Bailey, William J. 1991. Schhol-Site Management Applied. Lancaster-Basel: Technomic Publishing CO.INC.
Direktorat Dikmenum. 2000. Manajemen Peningkatan Mutu Berbasis Sekolah. Jakarta: Depdiknas.
Bovin, Olle. 2000. Towards A Learning Organization. Geneva: International Labour Office.
Cangeni, Joseph P. & Casimir J. Kowalski & Jeffry C. Claypool. 1984. Participative Management. New York: Philosophical Library.
David, Jane L. Synthesis of Research on School-Based Management. (Educational Leadership, Volume 46, Number 8, May 1989).

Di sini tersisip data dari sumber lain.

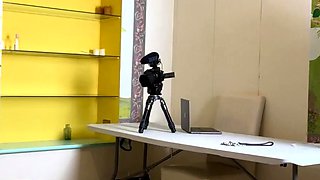Cumshot amateur MILF suck and jerks dude in the bedroom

Dewan Perwakilan Rakyat. 1999. Undang-Undang Republik Indonesia Nomor 22 Tahun 1999 ihwal Pemerintahan Daerah. Jakarta: Dewan Perwakilan Rakyat.
Dewan Perwakilan Rakyat. 2000). Peraturan Pemerintah Republik Indonesia Nomor 25 Tahun 2000 ihwal Kewenangan Pemerintah dan Kewenangan Propinsi Sebagai Daerah Otonomi. Jakarta: Dewan Perwakilan Rakyat.
Direktorat Pendidikan Menengah Umum. 2000. Manajemen Peningkatan Mutu Berbasis Sekolah (Buku 1). Jakarta: Direktorat Pendidikan Menengah Umum, Departemen Pendidikan Nasional.
Poernomosidi Hadjisarosa. 1997. Naskah 1: Butir-Butir untuk Memahami Pengertian Mengenali Hal Secara Utuh dan Benar (Bahan Kuliah STIE Mitra Indonesia).